The Supreme Court unanimously ruled Thursday for a former councilwoman in Castle Hills, Texas, who says she was arrested for pushing for the removal of the city manager.
Sylvia Gonzalez lost her city council seat after she was apprehended in 2019, when she was 72, for misplacing a petition she circulated criticizing the city manager and calling for his ouster.
Ms. Gonzalez was put in jail for a day after she misplaced the petition in her binder at a council meeting for a few minutes. The petition was discovered at the end of the meeting, and officials charged her with attempting to conceal a government document she had spearheaded.

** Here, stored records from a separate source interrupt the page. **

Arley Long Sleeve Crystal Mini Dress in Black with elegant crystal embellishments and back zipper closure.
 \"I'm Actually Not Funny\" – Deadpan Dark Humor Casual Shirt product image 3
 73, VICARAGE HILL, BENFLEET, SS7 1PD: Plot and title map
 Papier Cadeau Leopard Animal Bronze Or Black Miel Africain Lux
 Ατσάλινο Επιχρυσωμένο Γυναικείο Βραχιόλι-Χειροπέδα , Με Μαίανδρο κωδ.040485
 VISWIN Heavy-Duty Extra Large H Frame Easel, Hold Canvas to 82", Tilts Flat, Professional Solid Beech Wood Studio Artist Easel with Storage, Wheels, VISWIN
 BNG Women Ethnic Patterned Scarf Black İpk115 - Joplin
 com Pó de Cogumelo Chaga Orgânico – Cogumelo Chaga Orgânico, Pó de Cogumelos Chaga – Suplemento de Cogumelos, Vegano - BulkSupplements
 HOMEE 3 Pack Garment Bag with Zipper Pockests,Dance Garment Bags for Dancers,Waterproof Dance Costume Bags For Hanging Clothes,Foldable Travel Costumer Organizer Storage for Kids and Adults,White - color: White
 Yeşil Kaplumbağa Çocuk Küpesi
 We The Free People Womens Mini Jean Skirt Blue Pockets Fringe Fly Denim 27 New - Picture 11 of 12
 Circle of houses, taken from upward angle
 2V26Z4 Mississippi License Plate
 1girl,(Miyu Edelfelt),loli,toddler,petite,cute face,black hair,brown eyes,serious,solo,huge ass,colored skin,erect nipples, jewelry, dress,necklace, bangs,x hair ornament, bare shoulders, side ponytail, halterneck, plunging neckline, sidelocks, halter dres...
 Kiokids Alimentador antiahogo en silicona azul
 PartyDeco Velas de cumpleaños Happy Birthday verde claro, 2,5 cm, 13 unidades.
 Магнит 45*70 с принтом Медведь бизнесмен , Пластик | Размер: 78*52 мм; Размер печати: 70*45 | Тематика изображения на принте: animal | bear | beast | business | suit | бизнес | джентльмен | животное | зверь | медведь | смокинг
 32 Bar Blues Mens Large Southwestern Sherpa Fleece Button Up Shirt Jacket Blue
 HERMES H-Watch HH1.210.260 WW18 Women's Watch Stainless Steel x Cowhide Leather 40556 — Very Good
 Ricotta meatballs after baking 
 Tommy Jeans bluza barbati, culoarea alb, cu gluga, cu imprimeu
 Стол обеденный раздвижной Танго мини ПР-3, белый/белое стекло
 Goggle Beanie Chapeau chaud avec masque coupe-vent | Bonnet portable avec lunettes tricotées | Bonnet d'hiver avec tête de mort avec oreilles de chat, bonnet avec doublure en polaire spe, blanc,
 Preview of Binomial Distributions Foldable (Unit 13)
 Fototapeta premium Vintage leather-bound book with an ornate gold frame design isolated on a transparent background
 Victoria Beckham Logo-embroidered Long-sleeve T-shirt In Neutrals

The justices said, that since Ms. Gonzalez demonstrated in court records that the criminal statute had not been used in this context against others, a retaliatory arrest occurred. This gives her a chance to win her claim, pending further proceedings at a lower court.
“The fact that no one has ever been arrested for engaging in a certain kind of conduct — especially when the criminal prohibition is longstanding and the conduct at issue is not novel — makes it more likely that an officer has declined to arrest someone for engaging in such conduct in the past,” the court wrote in an unsigned opinion.
The district attorney eventually dropped the charges against Ms. Gonzalez, but she lost her council seat representing Castle Hill, a town of just under 4,000 people. Her mugshot was circulated on local news.
Ms. Gonzalez said she believes she was targeted because city leaders wanted to replace her with their friend, the incumbent whom she had defeated in an election in which she promised to work to replace the city manager, claiming he was involved in corrupt practices. She organized a “FIX OUR STREETS” petition and moved to reinstate the previous city manager.
At her first council meeting, a constituent presented the petition, which caused chaos. The meeting had to be continued to another day, and during the debate, Ms. Gonzalez inadvertently placed the petition in her binder, according to her court papers.
Mayor Edward Trevino and others launched an investigation and eventually had her arrested on a misdemeanor charge of “intentionally destroy[ing], conceal[ing], remov[ing] or otherwise impair[ing] the verity, legibility or availability of a government record.”
Ms. Gonzalez said in court that the statute had never been used in the past 10 years to jail someone for any sort of similar conduct. She found that in Bexar County the law had been used against those falsifying green cards, concealing evidence of murder and counterfeiting government records and Social Security numbers.
The 5th U.S. Circuit Court of Appeals ruled against Ms. Gonzalez because she couldn’t point to an example of another individual targeted for similar political conduct and misplacing a similar petition or government document.
The three-judge panel reasoned that for her to be able to sue the individuals, she needed to show another person — like herself — who was engaged in the same kind of actions but not arrested in order to reveal unequal treatment.
The high court said the 5th Circuit’s reasoning was too narrow.